[Opening Stored data section]
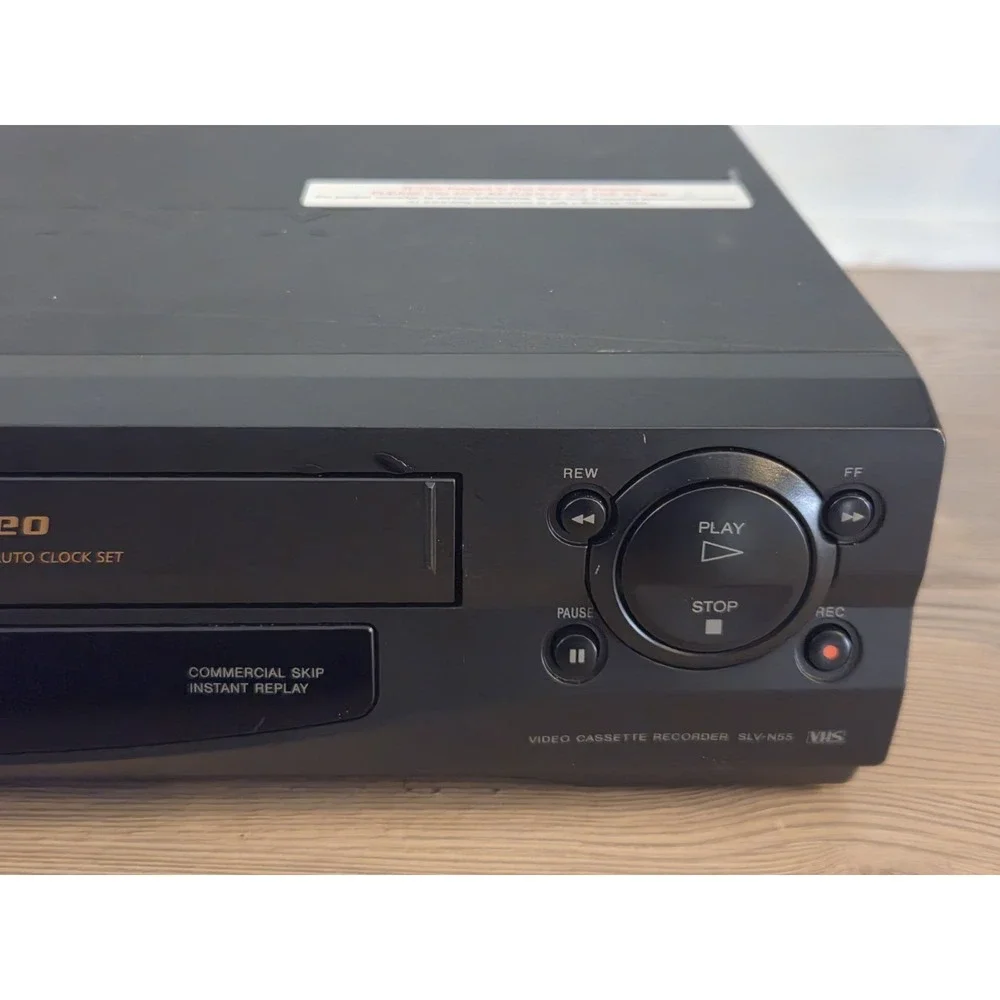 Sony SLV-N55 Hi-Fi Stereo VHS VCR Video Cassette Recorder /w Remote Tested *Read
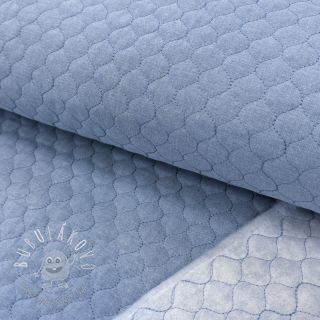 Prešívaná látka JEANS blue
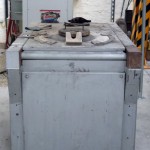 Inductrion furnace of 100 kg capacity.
[Closing Stored data section]
Output the complete listing exactly. Pictures stay out.

 Sony SLV-N55 Hi-Fi Stereo VHS VCR Video Cassette Recorder /w Remote Tested *Read
 Prešívaná látka JEANS blue
 Inductrion furnace of 100 kg capacity.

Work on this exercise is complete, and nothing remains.